Quizá desde esta perspectiva pudiera esclarecerse el peculiar significado del insulto en la fiesta. Se ha observado repetidas veces que el público de los toros es singularmente hábil en el insulto, que sabe elevar a la categoría de sarcasmo, sin que pierda por ello violencia la injuria en cuanto tal. Es un modo profundo y personal de insultar; en el que lejos de ser el denuesto puro grito o exclamación indignada, conserva todos los matices de la ofensa ad hominem. Esta intencionalidad concreta, más la ironía, que existe casi siempre, dan al insulto taurino un especial vigor y un tono sarcástico característicos. Ordinariamente el insulto brota con extraordinaria violencia cuando el diestro da señales de miedo. El público lo increpa con pasión, aludiendo a las cualidades que definen la hombría, y propende incluso a la agresión personal. No se trata, por lo común, de un insulto colectivo, sino un colectivo insultar. El torero se transforma en una entidad multivalente, relacionada con cada uno de los espectadores de modo propio y diferenciado por medio del insulto, que el espectador taurino es una injuria trabada de “hombre a hombre”, y no simplemente una reacción colectiva de desagrado. 
Al primer momento de arrebato sigue una actitud irónica que pone en el insulto un matiz sarcástico. Las expresión que con más fidelidad recoge esta actitud es la de “eso también lo hago yo”, en la que se transparenta la nota peculiar del improperio taurino; a saber, la decepción.

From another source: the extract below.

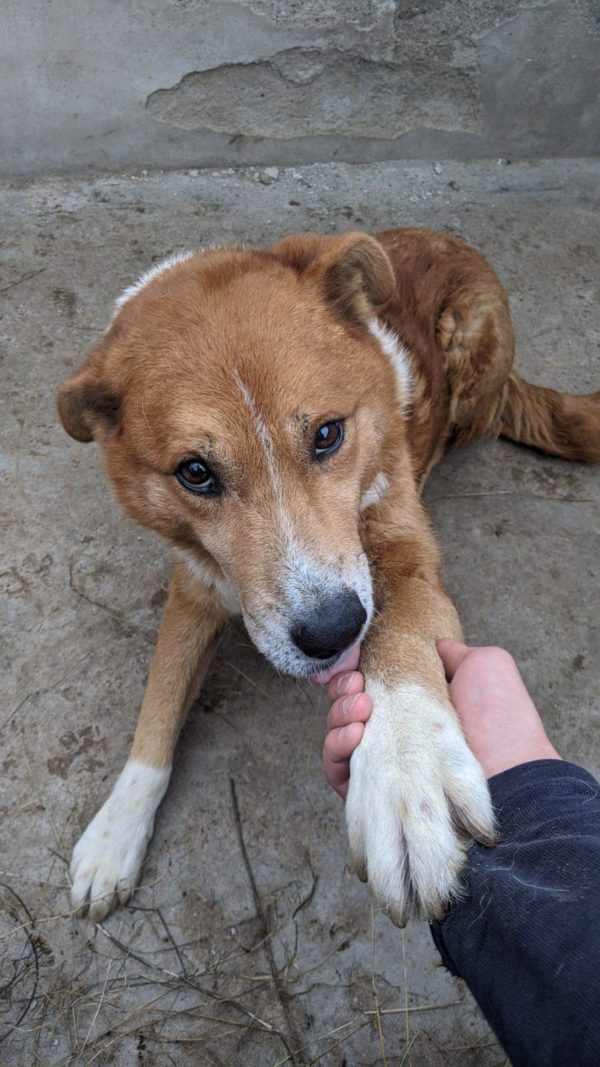 FRIDOLIN - auf PDR PS als Gnadenplatzhund gereist – Bild 6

Si la presencia de una multitud de espectadores en la plaza acredita la fe en la hombría y en lo que ésta significa, la decepción implica la pérdida de esa misma fe, pérdida que afecta a los supuestos irracionales en los que está, y desde los que piensa y obra todo humano. De aquí la tremenda violencia inicial del insulto taurino y la postura escéptica, envuelta en el amargo humorismo del improperio sarcástico. Sin embargo, la fe vinculada al subsuelo irracional de una concepción del mundo es tan firme que, pese a todas las decepciones, persevera en la esperanza, y el espectador taurino acude una y otra vez al coso a revalidar su creencia.